A pesar del nudo que sentía en el estómago, no pudo reprimir una sonrisa.

—No es definitivo, ni mucho menos. Pero tengo que saber qué os parece todo esto. Os lo preguntarán…

—Yo no quiero irme de aquí —le interrumpió Sarah.

—Yo no quiero irme si no vienes tú, papá —dijo Jasper, que se arrojó hacia Chandler y se apretó contra su cuello, como si nunca más fuera a soltarlo.

Eso hizo que Chandler se sintiera mejor. Al final, jugó un poco al Jenga con sus hijos. Durante un rato, incluso logró olvidarse de Gabriel, de Mitch, de Teri.

Era casi la hora de irse a dormir los niños cuando sonó el teléfono. Su madre respondió antes de que él pudiera cogerlo. Era de la comisaría.

—Diles que me estoy duchando o algo así —dijo Chandler, cuando ella tapó el auricular. No le apetecía nada dejar a su familia, con Gabriel rondando por ahí fuera.

Al llevar a los niños a la cama, el teléfono volvió a sonar. Esta vez era Tanya. Chandler dijo que le diera la misma excusa. Todavía seguía en el baño.

Tras leerle un cuento a Jasper, el teléfono sonó de nuevo. Esta vez la orden venía de arriba. Mitch no aceptó la excusa.

—No quiere dejar el teléfono —dijo su madre con el ceño fruncido—. Vete, anda. Los niños no podrán dormir si no dejan de llamar a cada momento. Además, al final vendrá a buscarte y te sacará de aquí a rastras.

—No puedo irme —dijo Chandler, tragando saliva.

—¿Por qué, hijo? —dijo su padre, que había dejado de prestar atención al televisor al notar la tensión.

—Él sabe dónde vivo.

—¿Quién? —le preguntó su madre.

—El que estamos buscando. El asesino.

—¿Y cómo lo sabe? —preguntó su madre, conmocionada.

Chandler respiró hondo y le explicó su error. Ambos se quedaron callados un momento, y luego su madre habló.

—Nada te indica que vaya a volver, hijo. ¿Por qué iba a hacerlo?

—Lo ha hecho antes. Y creemos que lo volverá a hacer.

Se hizo el silencio. Su padre se levantó de su butaca, decidido. Cogiendo una llave que llevaba colgando de una cadena alrededor de su cuello, entró en la cocina y abrió un armario situado horizontalmente encima de los armarios más bajos. Sacó la vieja escopeta, con la madera astillada y desgastada, pero le pareció que aún serviría.

—Yo haré guardia —anunció su padre, abriendo el cañón y metiendo en su interior dos cartuchos.

—Papá, no necesitas eso —dijo Chandler, aunque la verdad es que se sentía un poco más seguro.

—¿Todavía eres capaz de usarla, Peter? —le preguntó su madre.

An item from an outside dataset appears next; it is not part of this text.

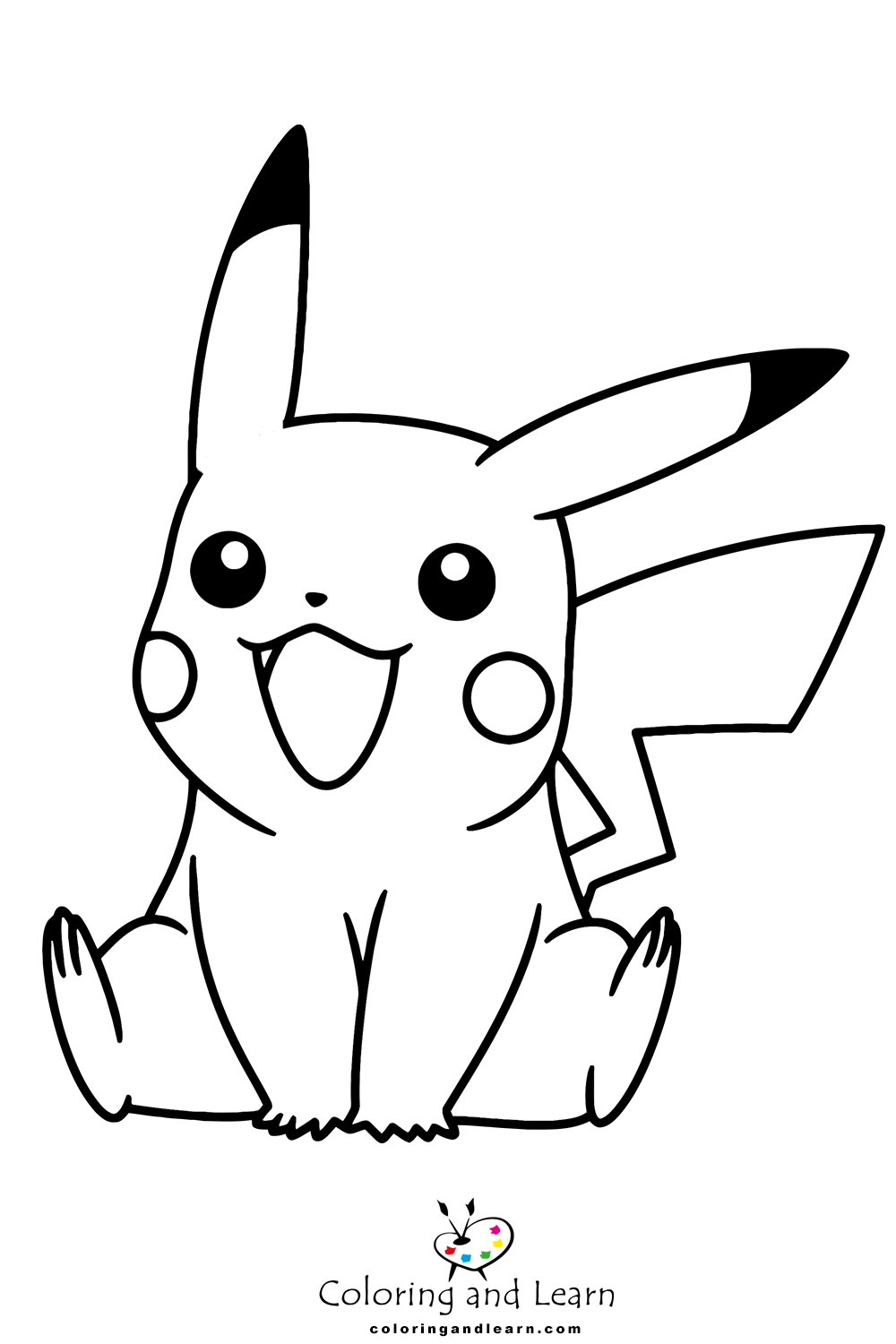 Pikachu coloring pages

—Pues claro, Caroline. Ya no tengo la misma fuerza en los puños y a lo mejor se me va algo la cabeza, pero todavía puedo apretar un maldito gatillo.

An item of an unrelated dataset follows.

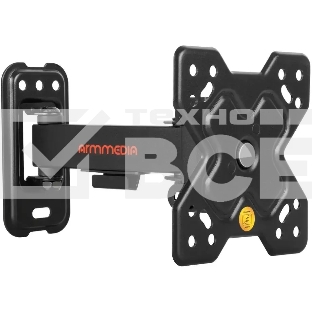 Кронштейн Arm media MARS-5 черный, 15 шт/уп. Кр. стал. настенный для TV 10'-32', max 25 кг, 4 ст св., нак. +5°-15°, пов. ±90° от ст. 62-194 мм. max VESA 100x100 мм.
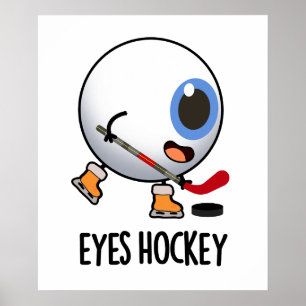 Póster Huéspedes divertidos en hockey sobre hielo Pun dep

Cogió el arma, encorvado como estaba desde hacía unos años. Sus dedos gruesos rodearon la culata, las uñas estaban tan cuarteadas y descascarilladas como la pintura del antiguo Ford Mustang que se encontraba en el garaje.

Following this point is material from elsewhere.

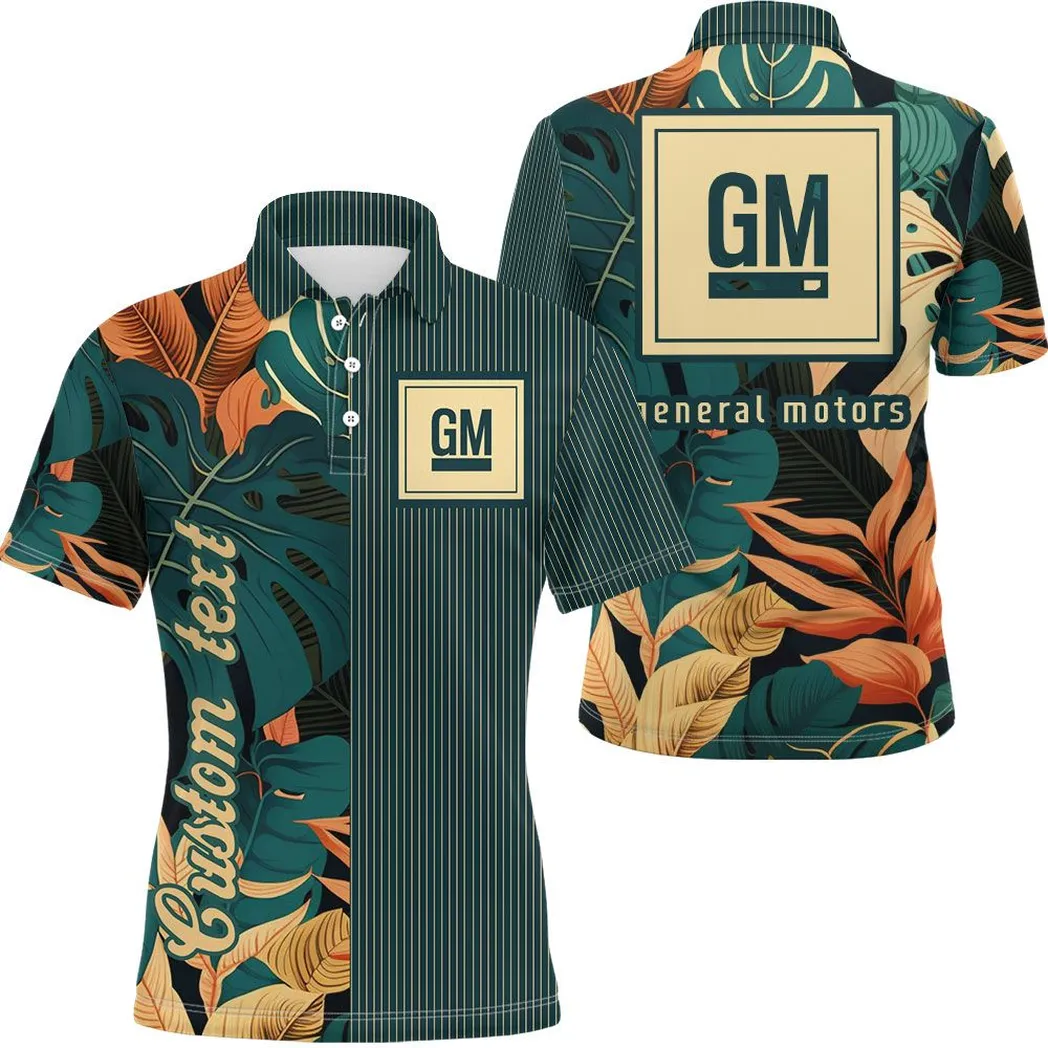 general motors vintage poloshirt personalisierter allover druck car434041725263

—Solo quiero que apuntes, no hace falta que la uses —dijo Chandler.

—¿Y para qué servirá entonces?

—Quítale los cartuchos, papá —dijo Chandler, tendiendo la mano.

—¿Qué quieres decir? ¿Cómo que le quite los cartuchos? Si quisiera una porra, me habría comprado una.

—Cartuchos no —dijo Chandler.

Su padre refunfuñó para sí, pero abrió el cañón y quitó los cartuchos. Chandler los cogió y se los pasó a su madre. Confiaba en que ella no le dejaría volver a ponerlos.

Lo último que hizo fue ir a besar a los niños para desearles buenas noches. Sarah dejó que la besara en la frente, pero le hizo salir de la habitación, mirando la pantalla brillante de su teléfono. Jasper estaba dormido. Estaba a punto de salir cuando el niño se despertó.

—¿Adónde vas, papá? —preguntó, con voz soñolienta.

—Tengo que ayudar en el pueblo.

—¿Por lo del asesino en serie?

—Sí —dijo Chandler, esperando que Jasper no le hiciera más preguntas difíciles.

—¿Por qué hace daño a la gente, papá?

—No lo sé, Jasp. Algunas personas son malas, pero el abuelo y la abuela te protegerán mientras papá atrapa a ese hombre. Y ahora tienes que dormir. Mañana podemos sacar otra vez el

kart.

Chandler dejó a su hijo sonriendo ante aquella idea. En el salón, su padre estaba sentado ante la puerta delantera, mirando por la ventana.

—Es posible que… —empezó Chandler, pero se detuvo. No sabía cuáles eran las posibilidades de que Gabriel acudiera allí, así que no dijo nada más—. Quedaos tranquilos, ¿vale?

—Estoy tranquilo —dijo su padre, que se colocó la escopeta vacía en las rodillas.